- DATA SECTION
= = = = = = =

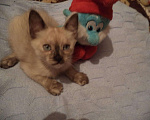 Кошки в Рыбинске: Тайский котенок окраса блу-пойнт, 7 000 руб. - фото 2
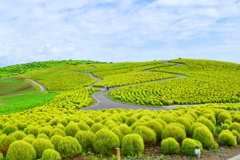 ひたちなか海浜公園のコキア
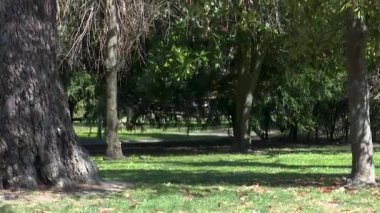 VITORIA, İspanya; 29 Mart 2019: Vitoria-Gasteiz 'deki yeşil parklar ve plazalar insanların açık alanlardan hoşlandığı yerler. Bask ülkesinin başkentinde kentsel doğa ve sürdürülebilir şehir planlaması.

= = = = = = =

- YOUR ASSIGNMENT
The whole listing above is to be printed exactly; the pictures stay out.

- TASK RESPONSE
 Кошки в Рыбинске: Тайский котенок окраса блу-пойнт, 7 000 руб. - фото 2
 ひたちなか海浜公園のコキア
 VITORIA, İspanya; 29 Mart 2019: Vitoria-Gasteiz 'deki yeşil parklar ve plazalar insanların açık alanlardan hoşlandığı yerler. Bask ülkesinin başkentinde kentsel doğa ve sürdürülebilir şehir planlaması.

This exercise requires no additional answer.